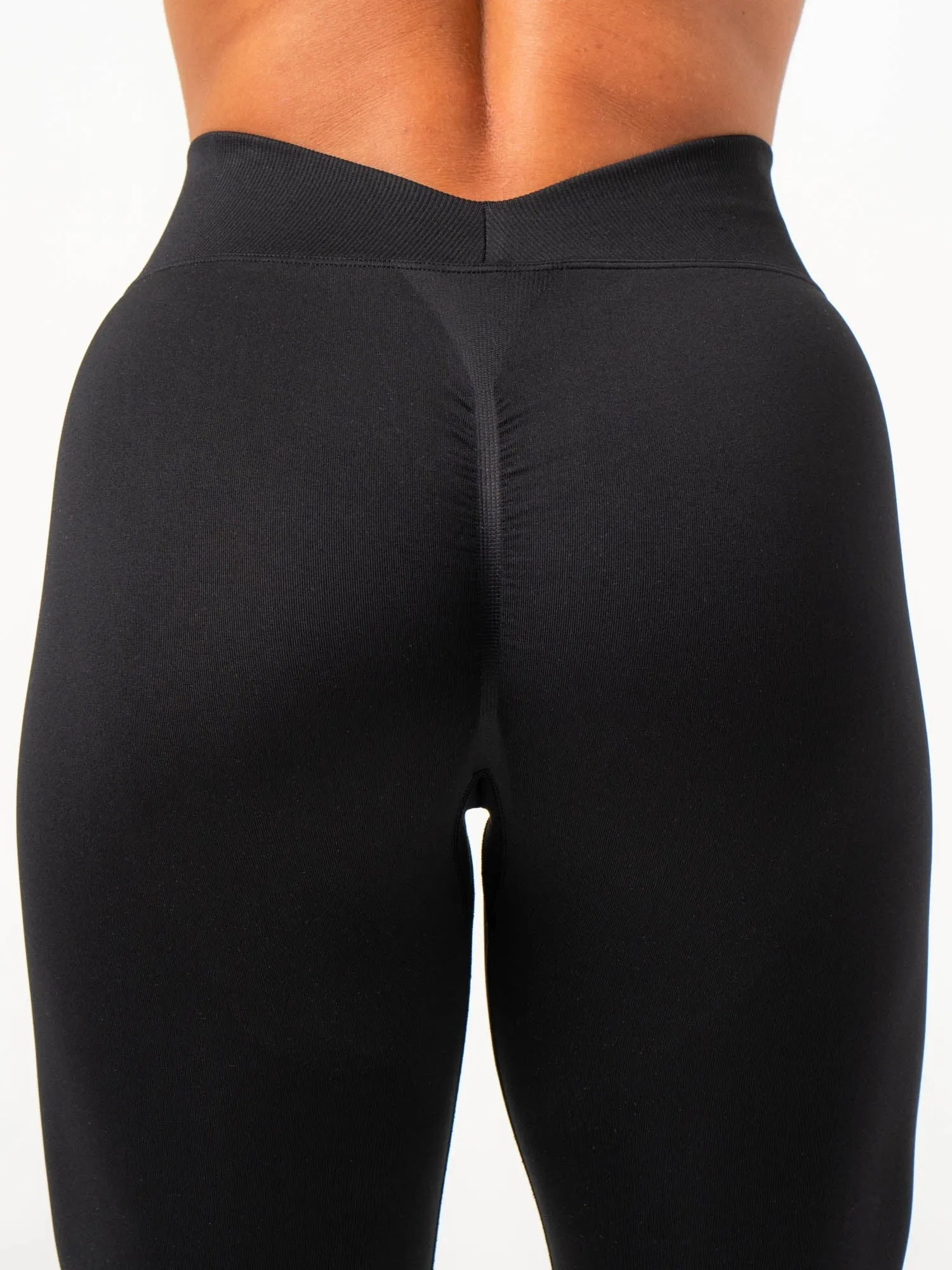 Seamless V Back Contour Leggings - Black Lightweight fabric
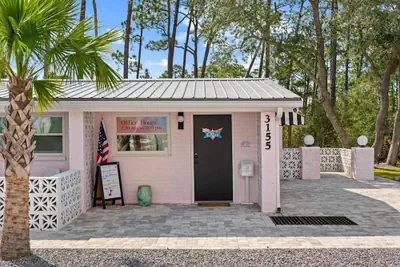 Photo 3 - The Pink Flamingo Boutique Motel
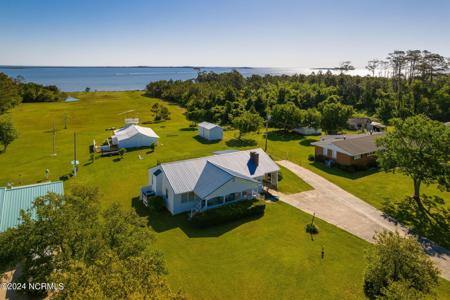 2604 Cedar Island Road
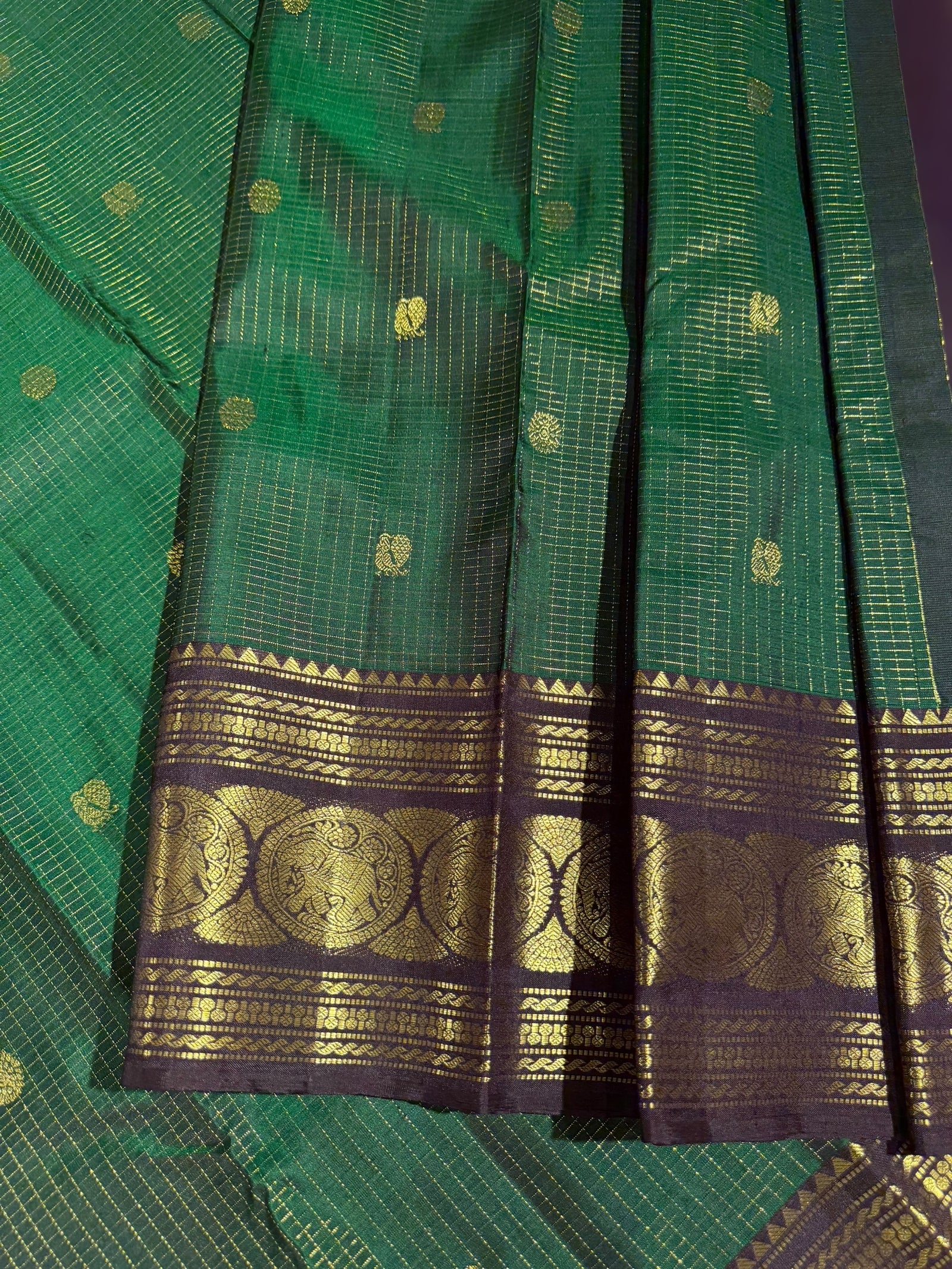 Emerald Green and Brown Combo Vaira Oosi Checks Vintage Kanjeevaram Saree
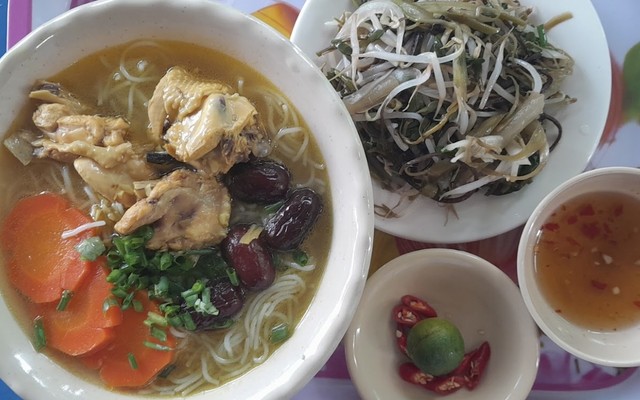 Cơm Gà Dung - Cháo Gà, Bún Gà Táo Đỏ, Bún Cá Miền Tây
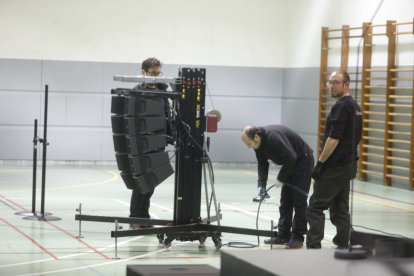 Preparativos en el colegio Gumersindo Azcárate de León ante la visita de los reyes. RAMIRO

§ **Exercise objective**: Please retype the listing exactly, leaving out any images.

§ **Your response**:
 Seamless V Back Contour Leggings - Black Lightweight fabric
 Photo 3 - The Pink Flamingo Boutique Motel
 2604 Cedar Island Road
 Emerald Green and Brown Combo Vaira Oosi Checks Vintage Kanjeevaram Saree
 Cơm Gà Dung - Cháo Gà, Bún Gà Táo Đỏ, Bún Cá Miền Tây
 Preparativos en el colegio Gumersindo Azcárate de León ante la visita de los reyes. RAMIRO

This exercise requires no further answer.